12月20日『あわてんぼうのサンタクロース』
「卵焼きの味は夢の味」と「桜を思う日々」の主人公より
晴れていても寂しい青。そんな空。頬に当たる冷気に目を覚まし、あぁ、冬になってしまったんだなと空を見上げていたら、親しくなったおばさんに挨拶された。まだ商店街が眠っている時間。時計を見れば十時前。
「おはようございます。大分冷え込んできましたね」
そういう彼女は一宮加寿子さん。ふんわりとしたショールを肩にかけている。
私は白いエプロンに白い三角巾。友達にはもう少し可愛らしくしたら、と言われたのだけれど、それは性に合わない。
彼女は週に一度くらいのペースで惣菜を買いに来てくれる常連さんなのだ。そして、彼女は朝十時前。うちの開店に合わせるようにやってきてくれる。実は、加寿子さん、この店の先代からのお客さんなのだ。
「あら、いらっしゃいませ。お早いですね」
私のしたり顔にフフと柔和に笑う加寿子さんは、私と同じ「かずこ」と言う名前だった。でも、私と違って育ちがいいのだと思う。多分この辺りの地の人で。商店街の裏辺り、東山二丁目辺りは豪邸とまでは言わないが、旧華族の末裔とか『先生』とか呼ばれる人たちが住んでいるらしいから。

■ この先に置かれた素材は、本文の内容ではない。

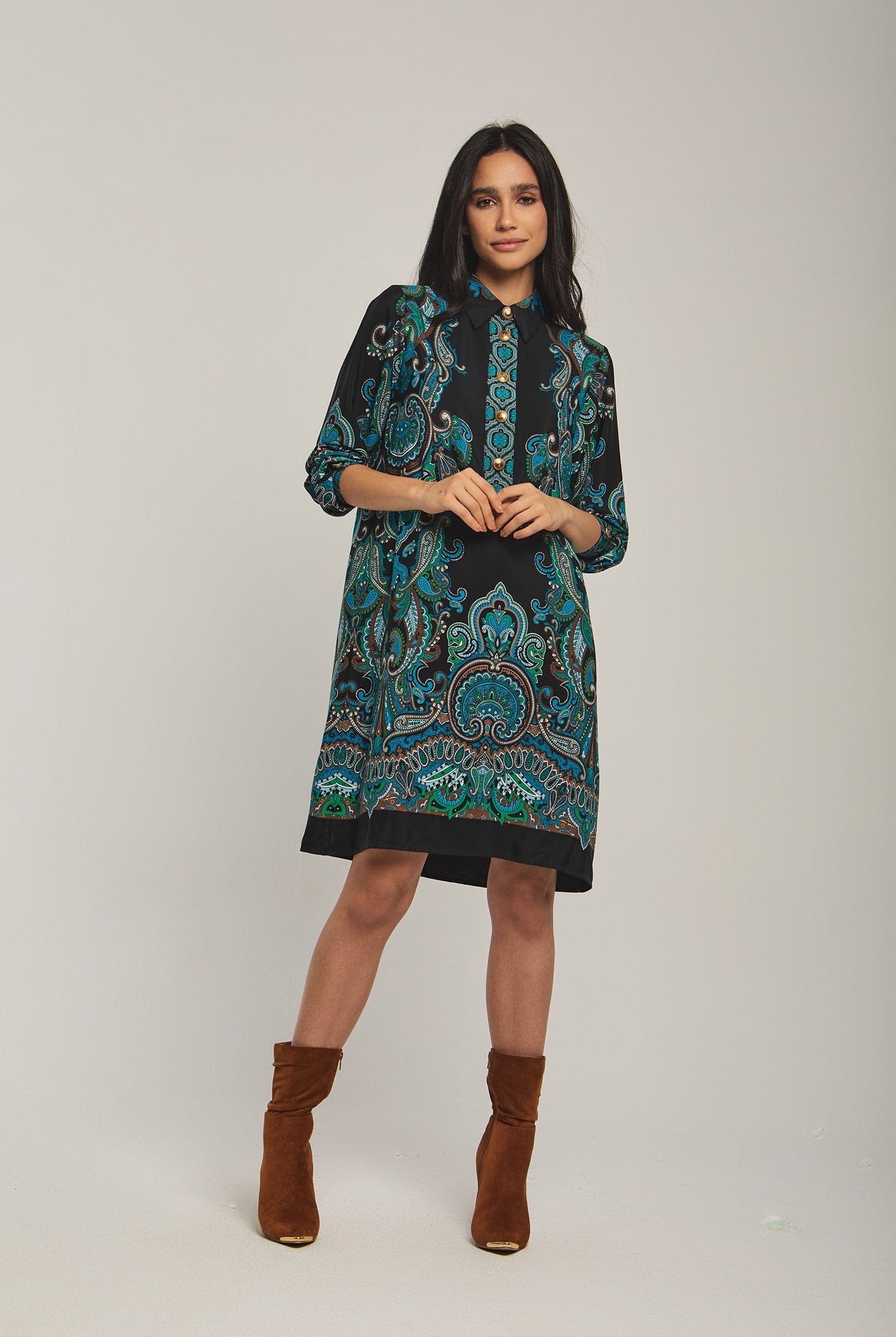 داليدرس تونك نسائي قصير مطبوع متعدد الألوان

それに、『加寿子』だって『寿』を『加』えるんだ。『わこ』と読める画数の少ない名前が太刀打ちできるはずがない場所の人。そんなことを考えているとフルートのように響く加寿子さんの声が耳に続いた。
「朝早くから、ごめんなさいね」
このフレーズを聞く時は、卵焼きだ。
「いえいえ、卵焼きですね」
加寿子さんの旦那さんが気に入ってくれているという卵焼き。私にとって、それはとにかく特別なことなのだ。しかし、心が跳ねてしまわないように、言葉にすれば、出てきた声色は今の心境の的を外していた。こういう所はお母さんに似ているんだ。おばちゃんじゃなくて。
「有り難いです。えっと、少し待って頂けたら焼きたてで出せますよ」
そう言うと、私は彼女を店の中にある上がり框に案内する。えっと、と見回すと仏壇の座布団が一番上等に見えた。後はせんべいだ。迷ったのは一瞬だったが、そろそろと厚めの座布団を上がり框に敷いてみた。悲しいことにうちの敷地、お客さんが座って待つだけのスペースが作れないし、惣菜屋に椅子を置くのもなんだか変な気がするから作ろうとも思わない。だけど、彼女には座って待って欲しかったのだ。
「すみません。こんなところで」
「いいえ、お気遣いありがとう」
厚めの座布団に感謝され、彼女が言われるままそこへ座るのを見届けたあと、卵を割りに調理場へと向かった。
「本当に申し訳ないわね。うちの主人、気に入ると五月蠅いのよ。それに、ここの卵焼きふんわりしていて本当においしいもの。お店がなくなった時は寂しかったけど、あなたが来てくれて嬉しいわ。あぁ、そうだわ。あそこのコンビニのおじさんとこ」
加寿子さんは実はおしゃべりだ。旦那さんと来ると、おしゃべりは旦那さんに任せるのだけど、一人で来るとずっと喋っている。そして、この辺りのことをよく知っていて彼女は私の情報源になっている。彼女の良いところは、その語りは毒がないこと。
「おじさんがどうしたんですか?」
「赤ちゃんがいるみたいね。おめでたいことだわ」
おばちゃんの時代を知っている、貴重でとても大切なお客様。
卵焼き器の鉄板に溶き卵が敷かれる。それとほぼ同時に響いた音楽。十時の時報代わりにもなる。
あ、商店街が目を覚ましたのだ。
アーケードを通り抜けた「あわてんぼうのサンタクロース」
クリスマスまでまだ少しあるけれど、赤いリボンでもつけておこうかしら。
ふんわり焼き上がった卵焼きを冷ます間に戸棚の引き出しを開いた。
「おめでたいですね」
今日の卵焼きはクリスマス仕様。いつも感謝しています。